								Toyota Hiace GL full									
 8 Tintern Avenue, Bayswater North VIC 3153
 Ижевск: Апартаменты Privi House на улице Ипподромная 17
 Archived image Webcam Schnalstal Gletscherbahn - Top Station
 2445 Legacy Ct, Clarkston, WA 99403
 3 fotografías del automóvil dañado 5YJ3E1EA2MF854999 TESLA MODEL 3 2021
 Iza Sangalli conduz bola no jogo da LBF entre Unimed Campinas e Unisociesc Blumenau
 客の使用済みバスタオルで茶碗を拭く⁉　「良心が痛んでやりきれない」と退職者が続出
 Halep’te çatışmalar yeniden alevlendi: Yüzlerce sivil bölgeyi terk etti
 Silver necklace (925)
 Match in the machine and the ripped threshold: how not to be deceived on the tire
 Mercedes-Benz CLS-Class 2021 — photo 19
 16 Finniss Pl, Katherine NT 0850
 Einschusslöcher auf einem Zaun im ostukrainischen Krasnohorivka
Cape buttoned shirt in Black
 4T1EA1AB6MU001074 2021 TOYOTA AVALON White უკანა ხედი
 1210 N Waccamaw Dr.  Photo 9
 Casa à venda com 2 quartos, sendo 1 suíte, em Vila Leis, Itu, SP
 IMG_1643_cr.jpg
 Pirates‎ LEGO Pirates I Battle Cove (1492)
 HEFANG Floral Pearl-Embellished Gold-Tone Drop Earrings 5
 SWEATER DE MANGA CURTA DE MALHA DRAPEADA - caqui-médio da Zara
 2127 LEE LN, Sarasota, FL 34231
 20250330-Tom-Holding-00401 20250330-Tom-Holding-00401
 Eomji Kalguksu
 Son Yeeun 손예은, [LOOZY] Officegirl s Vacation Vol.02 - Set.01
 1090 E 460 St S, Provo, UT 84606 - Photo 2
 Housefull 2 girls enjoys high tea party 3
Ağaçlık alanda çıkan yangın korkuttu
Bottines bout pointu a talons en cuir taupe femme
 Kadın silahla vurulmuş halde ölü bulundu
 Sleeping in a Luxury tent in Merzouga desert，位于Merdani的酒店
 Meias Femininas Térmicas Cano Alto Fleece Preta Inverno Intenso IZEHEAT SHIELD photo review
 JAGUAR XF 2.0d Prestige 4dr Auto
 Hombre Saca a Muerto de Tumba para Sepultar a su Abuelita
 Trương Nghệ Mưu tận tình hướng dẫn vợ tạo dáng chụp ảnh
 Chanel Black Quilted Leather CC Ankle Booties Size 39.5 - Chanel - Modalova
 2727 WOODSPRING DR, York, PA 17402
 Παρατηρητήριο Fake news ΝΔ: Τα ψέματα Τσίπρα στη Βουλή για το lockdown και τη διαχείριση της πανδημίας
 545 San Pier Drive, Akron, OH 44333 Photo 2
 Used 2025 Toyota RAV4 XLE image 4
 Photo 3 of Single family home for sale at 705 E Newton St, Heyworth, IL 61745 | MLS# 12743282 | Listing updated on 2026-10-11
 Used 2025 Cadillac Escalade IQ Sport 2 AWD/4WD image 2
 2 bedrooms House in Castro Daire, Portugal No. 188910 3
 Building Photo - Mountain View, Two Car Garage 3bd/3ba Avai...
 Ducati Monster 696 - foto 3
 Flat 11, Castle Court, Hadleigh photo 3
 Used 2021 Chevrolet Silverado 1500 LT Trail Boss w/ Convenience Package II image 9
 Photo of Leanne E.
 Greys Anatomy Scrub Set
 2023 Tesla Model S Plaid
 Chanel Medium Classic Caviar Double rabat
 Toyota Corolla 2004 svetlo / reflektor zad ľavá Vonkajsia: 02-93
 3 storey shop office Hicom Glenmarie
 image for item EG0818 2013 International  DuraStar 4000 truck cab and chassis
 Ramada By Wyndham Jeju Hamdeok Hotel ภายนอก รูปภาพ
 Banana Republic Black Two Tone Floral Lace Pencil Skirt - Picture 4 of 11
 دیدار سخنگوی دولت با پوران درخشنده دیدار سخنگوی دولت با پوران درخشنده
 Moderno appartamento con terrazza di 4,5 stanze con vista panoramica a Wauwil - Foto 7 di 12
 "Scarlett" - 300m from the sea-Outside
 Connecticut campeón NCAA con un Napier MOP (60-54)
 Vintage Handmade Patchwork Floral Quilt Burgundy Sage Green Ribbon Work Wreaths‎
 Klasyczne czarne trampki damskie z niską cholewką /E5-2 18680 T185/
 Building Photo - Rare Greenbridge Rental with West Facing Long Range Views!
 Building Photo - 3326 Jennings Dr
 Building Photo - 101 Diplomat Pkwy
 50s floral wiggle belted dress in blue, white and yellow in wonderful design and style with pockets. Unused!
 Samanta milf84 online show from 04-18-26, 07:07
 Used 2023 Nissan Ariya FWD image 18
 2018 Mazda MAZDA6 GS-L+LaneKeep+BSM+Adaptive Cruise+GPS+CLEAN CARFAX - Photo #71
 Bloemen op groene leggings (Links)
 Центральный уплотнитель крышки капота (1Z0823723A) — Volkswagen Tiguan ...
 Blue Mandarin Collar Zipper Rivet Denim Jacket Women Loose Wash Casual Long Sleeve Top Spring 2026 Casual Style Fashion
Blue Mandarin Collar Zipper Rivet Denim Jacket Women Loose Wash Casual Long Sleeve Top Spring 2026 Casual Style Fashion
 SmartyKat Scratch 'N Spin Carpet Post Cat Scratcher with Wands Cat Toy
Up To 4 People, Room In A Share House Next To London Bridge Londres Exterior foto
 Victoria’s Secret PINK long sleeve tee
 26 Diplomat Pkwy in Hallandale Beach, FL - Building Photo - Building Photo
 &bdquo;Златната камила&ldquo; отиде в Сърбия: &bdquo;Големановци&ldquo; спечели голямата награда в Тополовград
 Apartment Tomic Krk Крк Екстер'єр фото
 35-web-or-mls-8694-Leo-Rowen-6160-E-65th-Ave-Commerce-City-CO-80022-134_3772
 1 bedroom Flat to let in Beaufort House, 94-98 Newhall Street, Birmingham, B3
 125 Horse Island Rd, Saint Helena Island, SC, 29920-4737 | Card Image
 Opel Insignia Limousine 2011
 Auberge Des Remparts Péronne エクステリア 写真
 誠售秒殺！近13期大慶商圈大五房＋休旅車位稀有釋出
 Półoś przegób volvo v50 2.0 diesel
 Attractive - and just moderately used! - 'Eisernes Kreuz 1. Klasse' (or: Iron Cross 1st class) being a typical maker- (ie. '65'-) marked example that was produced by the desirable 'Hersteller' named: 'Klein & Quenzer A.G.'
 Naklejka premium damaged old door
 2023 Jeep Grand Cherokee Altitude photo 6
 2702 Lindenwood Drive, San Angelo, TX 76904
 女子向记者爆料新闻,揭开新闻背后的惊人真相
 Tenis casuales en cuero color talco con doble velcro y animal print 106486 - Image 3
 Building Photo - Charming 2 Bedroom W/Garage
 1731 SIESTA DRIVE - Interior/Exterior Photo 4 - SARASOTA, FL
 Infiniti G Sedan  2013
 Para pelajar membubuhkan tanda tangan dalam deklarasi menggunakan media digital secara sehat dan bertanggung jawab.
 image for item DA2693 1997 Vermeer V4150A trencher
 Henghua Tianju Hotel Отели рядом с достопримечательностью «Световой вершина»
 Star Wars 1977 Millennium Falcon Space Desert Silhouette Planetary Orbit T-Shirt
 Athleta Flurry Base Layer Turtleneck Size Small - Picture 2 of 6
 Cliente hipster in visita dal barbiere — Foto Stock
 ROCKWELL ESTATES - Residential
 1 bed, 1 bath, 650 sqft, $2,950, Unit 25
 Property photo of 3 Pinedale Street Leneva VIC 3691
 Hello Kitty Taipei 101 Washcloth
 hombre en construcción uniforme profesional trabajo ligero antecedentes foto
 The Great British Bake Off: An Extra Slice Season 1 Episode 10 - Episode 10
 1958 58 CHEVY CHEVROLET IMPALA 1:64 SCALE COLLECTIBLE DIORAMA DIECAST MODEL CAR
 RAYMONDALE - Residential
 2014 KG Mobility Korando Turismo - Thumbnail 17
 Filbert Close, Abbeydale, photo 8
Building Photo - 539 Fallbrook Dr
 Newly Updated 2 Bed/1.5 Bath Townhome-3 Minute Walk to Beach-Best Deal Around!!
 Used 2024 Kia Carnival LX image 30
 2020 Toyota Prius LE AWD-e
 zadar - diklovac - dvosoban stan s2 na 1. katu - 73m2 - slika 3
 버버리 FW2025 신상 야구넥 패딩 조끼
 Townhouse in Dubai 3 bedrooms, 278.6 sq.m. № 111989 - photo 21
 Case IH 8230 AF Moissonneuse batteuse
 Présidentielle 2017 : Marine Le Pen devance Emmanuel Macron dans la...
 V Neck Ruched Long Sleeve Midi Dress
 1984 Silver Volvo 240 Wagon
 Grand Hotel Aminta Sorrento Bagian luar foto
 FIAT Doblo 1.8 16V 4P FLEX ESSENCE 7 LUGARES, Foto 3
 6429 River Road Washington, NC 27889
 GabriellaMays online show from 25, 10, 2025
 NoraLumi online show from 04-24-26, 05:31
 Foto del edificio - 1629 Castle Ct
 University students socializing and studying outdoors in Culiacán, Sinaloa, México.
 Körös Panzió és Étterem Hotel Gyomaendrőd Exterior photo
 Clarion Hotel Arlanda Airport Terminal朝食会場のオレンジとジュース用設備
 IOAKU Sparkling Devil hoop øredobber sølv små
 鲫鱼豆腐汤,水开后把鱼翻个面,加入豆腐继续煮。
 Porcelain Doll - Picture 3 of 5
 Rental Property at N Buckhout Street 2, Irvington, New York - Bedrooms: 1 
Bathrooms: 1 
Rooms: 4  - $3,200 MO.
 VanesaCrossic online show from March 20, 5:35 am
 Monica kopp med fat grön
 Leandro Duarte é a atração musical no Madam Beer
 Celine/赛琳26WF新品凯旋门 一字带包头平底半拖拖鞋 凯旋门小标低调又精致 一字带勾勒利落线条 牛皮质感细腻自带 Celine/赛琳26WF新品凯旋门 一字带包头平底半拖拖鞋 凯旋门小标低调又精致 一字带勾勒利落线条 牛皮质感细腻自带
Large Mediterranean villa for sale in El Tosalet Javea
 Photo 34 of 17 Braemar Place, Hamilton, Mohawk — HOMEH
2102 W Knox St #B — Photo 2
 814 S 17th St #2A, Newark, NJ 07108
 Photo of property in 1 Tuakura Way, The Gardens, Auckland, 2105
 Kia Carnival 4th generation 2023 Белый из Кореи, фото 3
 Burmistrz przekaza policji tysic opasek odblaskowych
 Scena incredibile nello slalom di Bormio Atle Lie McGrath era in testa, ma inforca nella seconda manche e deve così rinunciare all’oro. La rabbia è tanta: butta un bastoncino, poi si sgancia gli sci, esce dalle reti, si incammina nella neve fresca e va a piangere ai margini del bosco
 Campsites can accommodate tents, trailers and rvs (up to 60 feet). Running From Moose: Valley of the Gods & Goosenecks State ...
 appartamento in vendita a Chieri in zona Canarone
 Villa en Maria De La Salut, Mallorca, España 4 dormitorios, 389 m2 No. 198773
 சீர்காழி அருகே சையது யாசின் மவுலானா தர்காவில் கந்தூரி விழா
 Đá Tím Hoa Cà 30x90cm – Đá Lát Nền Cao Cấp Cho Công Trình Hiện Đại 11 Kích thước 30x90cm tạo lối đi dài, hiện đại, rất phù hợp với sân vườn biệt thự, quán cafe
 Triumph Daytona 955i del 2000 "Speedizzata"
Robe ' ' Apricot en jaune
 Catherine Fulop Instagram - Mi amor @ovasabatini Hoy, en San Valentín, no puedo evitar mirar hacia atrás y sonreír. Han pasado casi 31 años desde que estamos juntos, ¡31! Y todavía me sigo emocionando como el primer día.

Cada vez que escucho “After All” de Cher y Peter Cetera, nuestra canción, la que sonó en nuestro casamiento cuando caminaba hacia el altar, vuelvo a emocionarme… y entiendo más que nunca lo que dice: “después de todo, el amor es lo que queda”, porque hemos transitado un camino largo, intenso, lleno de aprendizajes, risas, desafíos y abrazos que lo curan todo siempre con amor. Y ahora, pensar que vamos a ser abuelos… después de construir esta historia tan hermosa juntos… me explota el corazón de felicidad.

—————

→ Exercise goal
From the data above, output only the lines between the line containing "Porcelain Doll - Picture 3 of 5" and the line containing "Leandro Duarte é", inclusive, exactly as written.

→ Response
 Porcelain Doll - Picture 3 of 5
 Rental Property at N Buckhout Street 2, Irvington, New York - Bedrooms: 1 
Bathrooms: 1 
Rooms: 4  - $3,200 MO.
 VanesaCrossic online show from March 20, 5:35 am
 Monica kopp med fat grön
 Leandro Duarte é a atração musical no Madam Beer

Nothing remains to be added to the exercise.